In case anyone needs a review on what’s been happening with New York State group homes for people with developmental disabilities:

http://www.girlwiththecane.com/new_york_state group_homes/

New York State Group Homes in “The New York Times”

The latest article in the “Abused and Used” series in chronicling the abuse in New York State group homes appeared in “The New York Times” just before New Year’s. The article focuses on one of the operators: Federation of Multicultural Operators of Brooklyn. The full text of the article is here:

http://www.nytimes.com/2011/12/28/nyregion/operator-of-ny-group-homes-thrived-despite-lapses-in-care.html?_r=2&adxnnl=1&adxnnlx=1325176919- Nhrsh5AFVgD828ev1jiW6w.

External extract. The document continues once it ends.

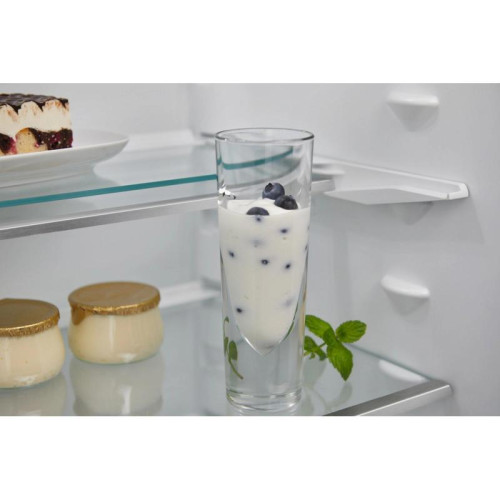 Холодильник/ Холодильник Electrolux LNS9TE19S 2-хкамерн. белый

The financial history and hiring practices alone of the Federation are shocking enough. But the 27 citations for failing to meet health and safety standards in Federation’s Intermediate Care Facilities (all issued between 2006 and 2010) would be, one would think enough to make New York State want to sever ties with this operator. C.E.O. Danny King, who is a retired police officer with no experience in the developmental services field before starting work with the Federation, doesn’t seem concerned, according to the “Times”.

Just an Observation

Working in the developmental services field, I’ve noticed that we’re learning as we go along.  We thought that institutionalizing people with intellectual disabilities was the best thing for them for a while. Now we don’t. Now we’re becoming aware that even the best of community residential options brings up issues around rights and safety and how people in staffed homes should be interacting with the people they support. In the almost twenty years that I’ve been involved withNew York state group homes agencies that support people with disabilities, I’ve seen ways of thinking come into favour and fall out of favour and settle in the middle and then move toward one side again.

I’m okay with working in a field where there a lot of “grey areas” and issues that need to be worked out. I don’t tend to think in absolutes, and I’ve got a lot of patience. However…

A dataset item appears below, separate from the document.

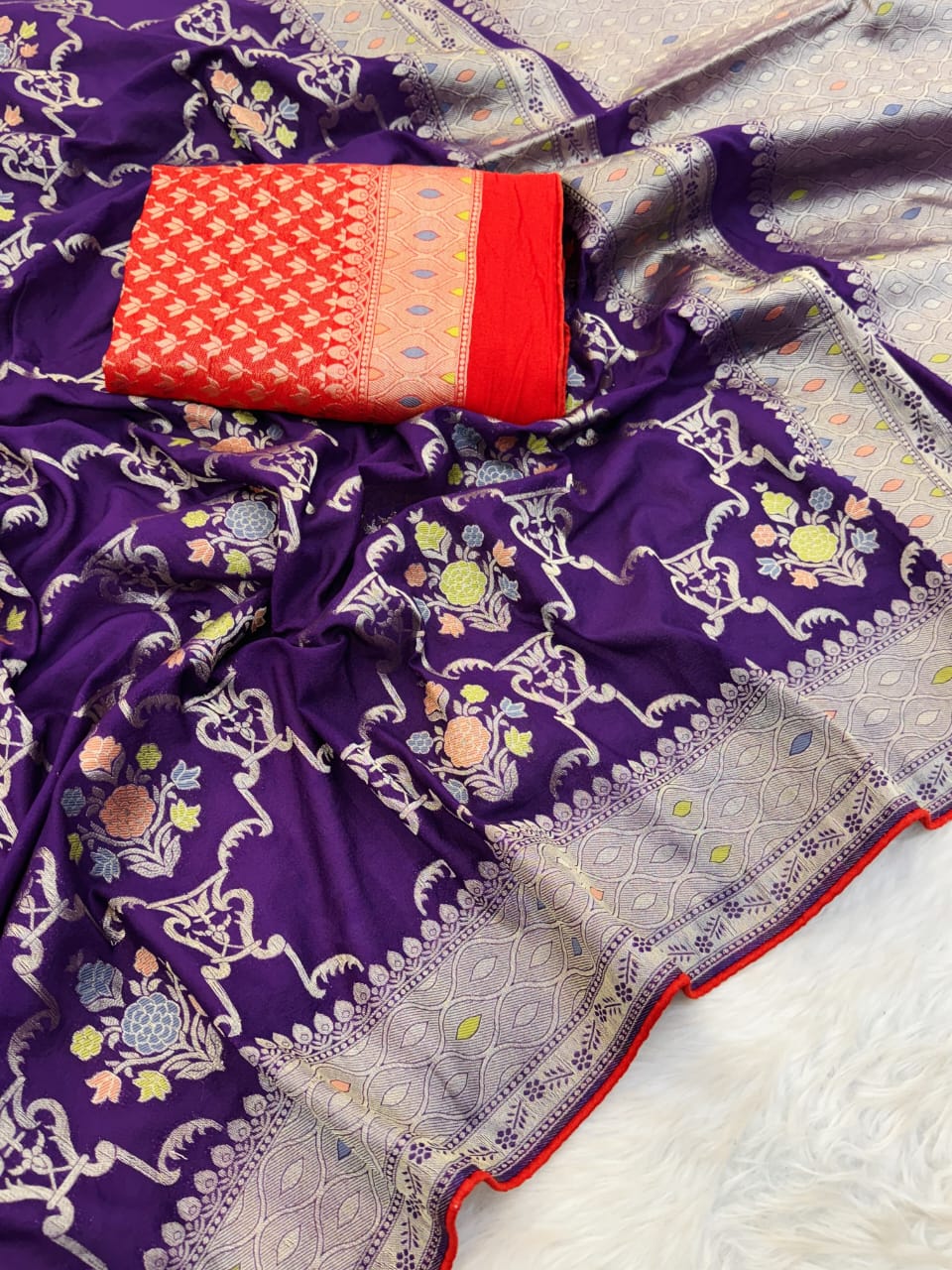 Luxurious Handwoven Kadi Crepe Georgette Saree with Meenakari Weaving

No Patience or “Grey Areas” for New York State Group Homes

I do not see grey areas, and I have no patience, when it comes to people who violate the safety of vulnerable people and of animals.  Abused kids need to go to a safe place and parents should  have to go through a long, comprehensive rehabilitation process before they get them back (if it’s ever appropriate).  People who abuse animals shouldn’t be allowed to own pets.

And a service provider that receives 27 citations within 4 years for safety violations within housing (including the Federation’s failure to investigate abuse, inadequate medical care, and medication errors), should simply not be allowed operate New York state group homes. Period.

The article says that this all started four decades ago with the state’s decision to stop institutionalizing people with disabilities and a the lack of an oversight agency that could do proper and timely inspections of the group homes that people ended up in. Forty years is a long time not to have learned as they’ve gone along with this.  Particularly as the first small public group homes became multi-million corporations like the Federation, one would think that the state would have seen the need to put proper oversight and inspection procedures in place.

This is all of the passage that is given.